Storage Outage
Incident Report for Flying Circus
Resolved
The cluster has been behaving normally since our last message and we're considering the incident to be completed.

We will review the incident at a later time to identify potential actions to avoid similar incidents in the future.

We're sorry for any inconvenience and are available through the usual channels if you have any questions.
Posted Jun 15, 2022 - 14:11 CEST
Monitoring
The cluster is fully operational again.

We experienced a sudden disk usage spike on a few disks that caused Ceph to enter a protective state to avoid data loss. We adjusted Ceph parameters accordingly to unblock the cluster, identified the task causing the high usage and ensure that it finished without blocking the cluster again.
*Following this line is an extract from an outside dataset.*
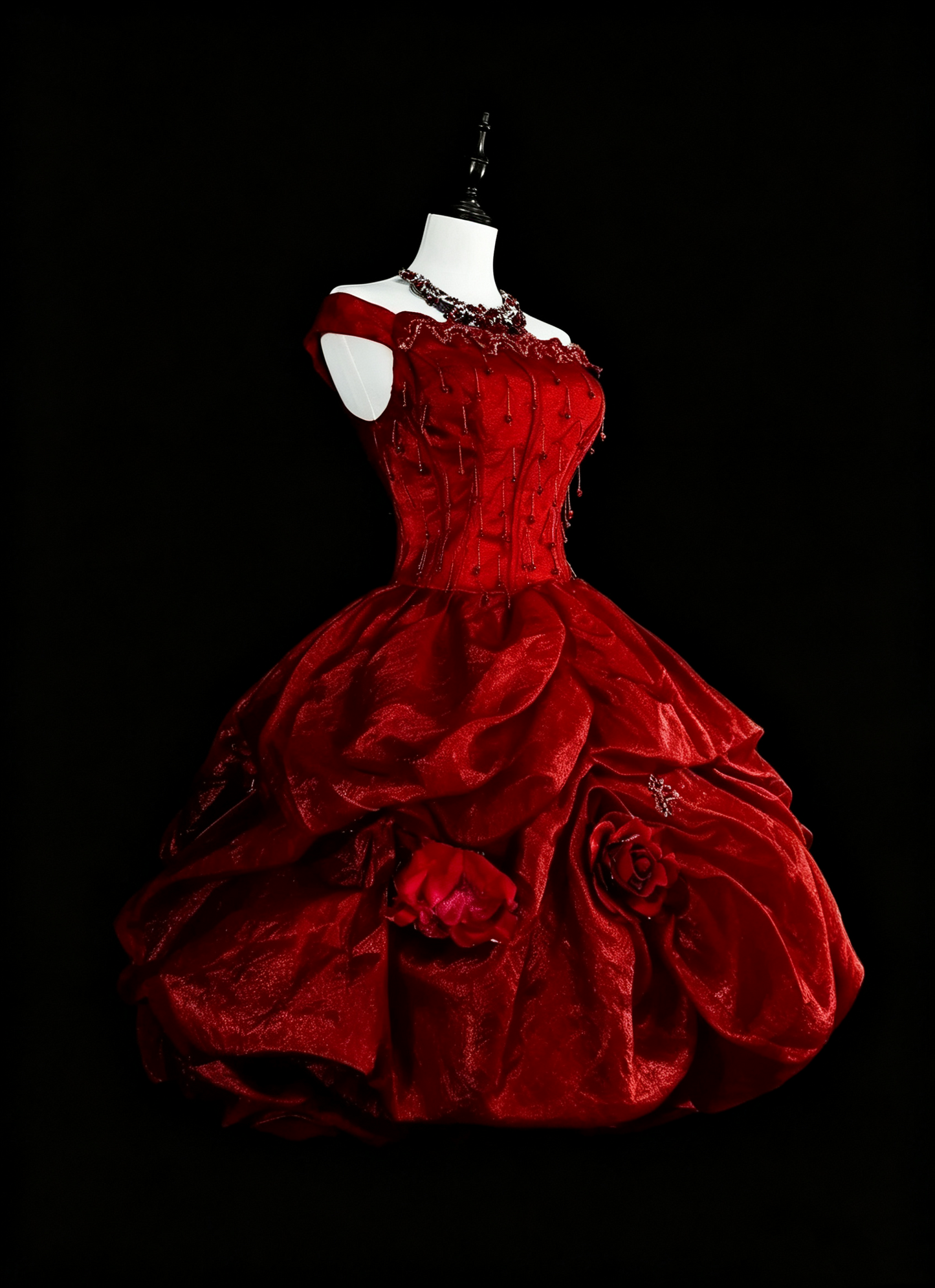 Classy Off The Shoulder Tulle Beaded A Line Short 15th Birthday Outfits,Red Short Graduation Homecoming Dress D4062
We are currently cleaning up the surplus data that caused the spike to ensure regular operational capacity.
Posted Jun 15, 2022 - 12:16 CEST
Identified
The issue has been identified and a fix is being implemented.
Posted Jun 15, 2022 - 12:05 CEST
Update
We are continuing to investigate this issue.
Posted Jun 15, 2022 - 12:04 CEST
Investigating
Some parts of the storage cluster are currently not working properly. We look into it and keep you posted.
Posted Jun 15, 2022 - 11:55 CEST
This incident affected: RZOB (production) (VM servers, VM storage cluster).